Dataset content |
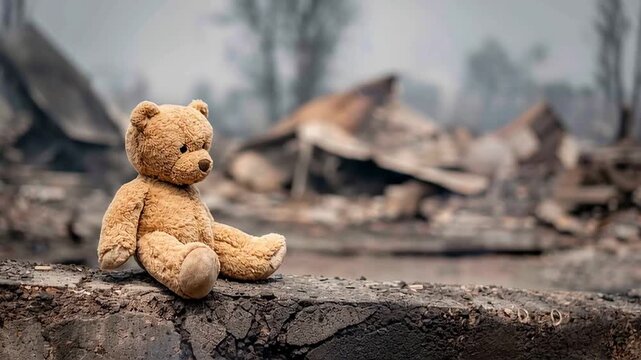 Sad lonely teddy bear sitting amidst the rubble and ashes of a destroyed building. Concept of lost childhood, war, tragedy, and grief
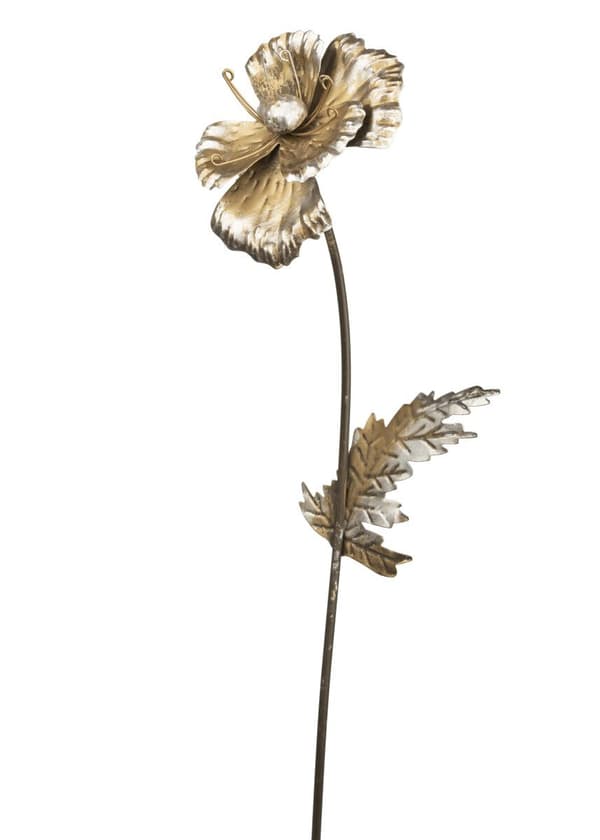 Dekorative metalblomster, sæt med 3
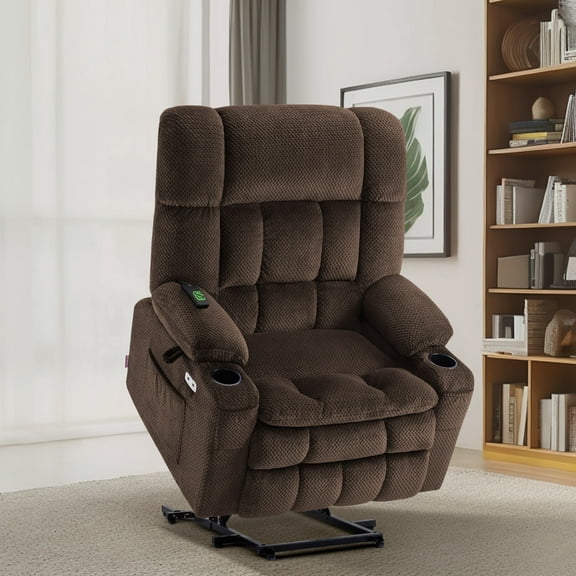 Oversized 27.2" Seat Width Dual Motor Power Recliner Lift Chair with Vibration and Heat for Height 5'7"-6'2", Infinite Position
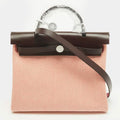 Hermès Herbag Zip 31Orange Field/Ecru/Rouge Sellier Criss Viking Toile and Vache Hunter Top Handle Bag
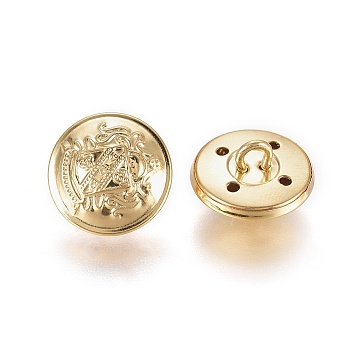 Brass Shank Buttons, Flat Round, Golden, 15x5mm, Hole: 2.5x3mm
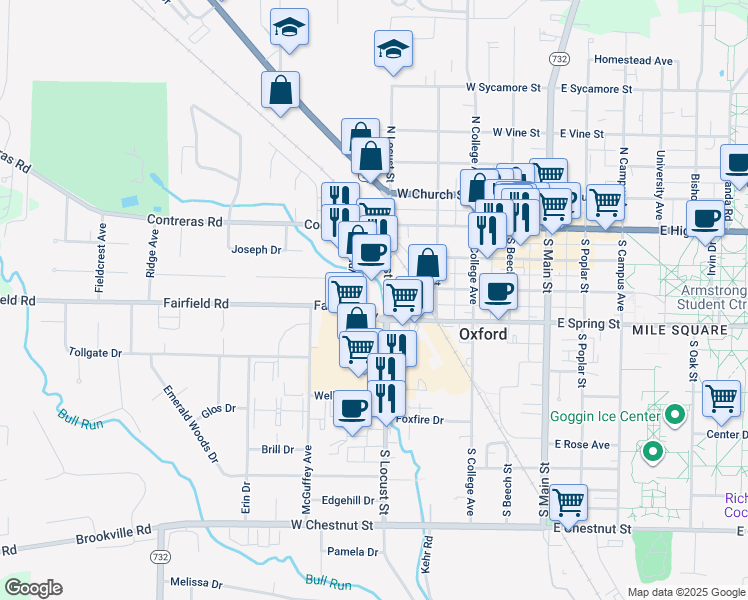 map of restaurants, bars, coffee shops, grocery stores, and more near 120 South Locust Street in Oxford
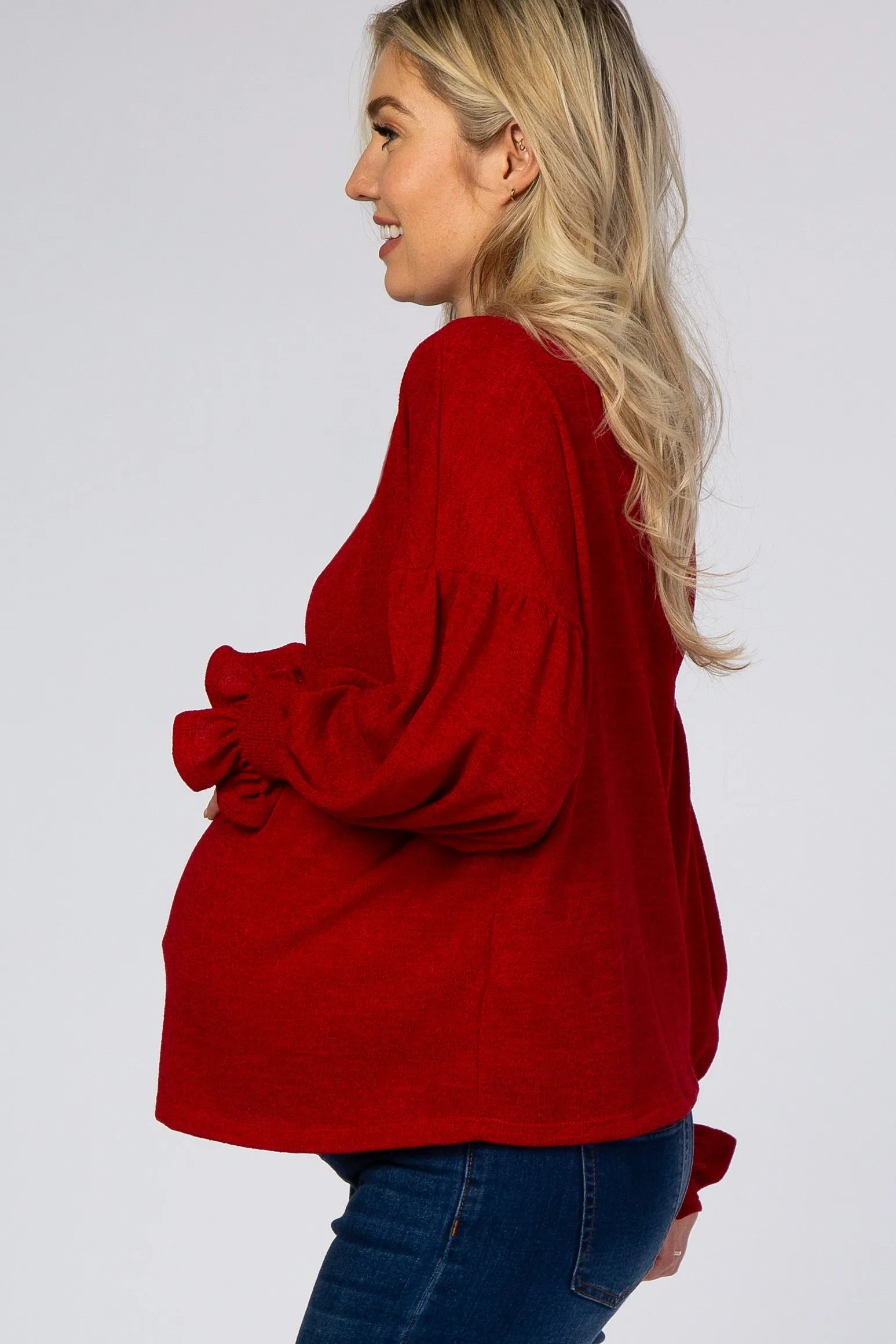 Red Bubble Ruffle Long Sleeve Maternity Top sold by Pinkblush product image thumbnail 2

Work instructions | Leave the pictures out, and please copy only the lines from the one with "Brass Shank Buttons, Flat" through the end of the listing.

Result |
 Brass Shank Buttons, Flat Round, Golden, 15x5mm, Hole: 2.5x3mm
 map of restaurants, bars, coffee shops, grocery stores, and more near 120 South Locust Street in Oxford
 Red Bubble Ruffle Long Sleeve Maternity Top sold by Pinkblush product image thumbnail 2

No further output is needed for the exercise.